Well, I was on antidepressants when my boyfriend and I started going out in 2017. I came off them in November 2019 and I definitely think SSRIs completely knocked my libido. It’s so much better now. Reflecting back on it now, I can see the sex wasn’t as good and I wasn’t as happy with it. I definitely think it could be medication and lack of security with things like, especially with university students.

Are you seeing the research reflected in your real life too?
With my few single friends, I can definitely say they’re having less sex because they’re being more cautious about who they want to let into their house. This pandemic has really opened people’s eyes to the fact that anyone can carry anything, and you don’t know at the time. You’ve got to be really careful with who you interact with.

Yeah, I guess hooking up with someone you’ve only just met is off limits for most people. 
Before it was like, “Oh oops,” but now, if my friend is like, “I brought this guy back that I don’t know,” I’d be like, “What are you doing? Are you trying to get sick?” It’s so irresponsible now. It’s crazy to me how much society has changed from the beginning of this year to now with our attitudes towards things. We used to go to festivals and concerts and interact with people all the time. Friends have had sex with randoms at a festival with someone they just met. You can’t imagine that now.

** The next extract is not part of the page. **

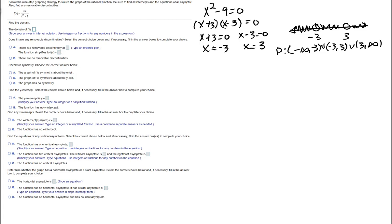Next, we check for removable discontinuities by seeing if anything cancels. The denominator factors into (x+3)(x-3) and there are no common factors with the numerator, so there are no removable discontinuities.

Yeah, even someone brushing up against you when you’re at Tesco is like, “ugh”. Have you seen the sex “guidelines” they released? No kissing and you have to wear a mask.
Who is doing that though? Before that it was like, “Hold on, let me get a condom.” Now it’s like, “Let me get the condoms, the masks and the hand sanitiser and this.” It’s too much work. I wouldn’t be in the mood after all of that if I was single.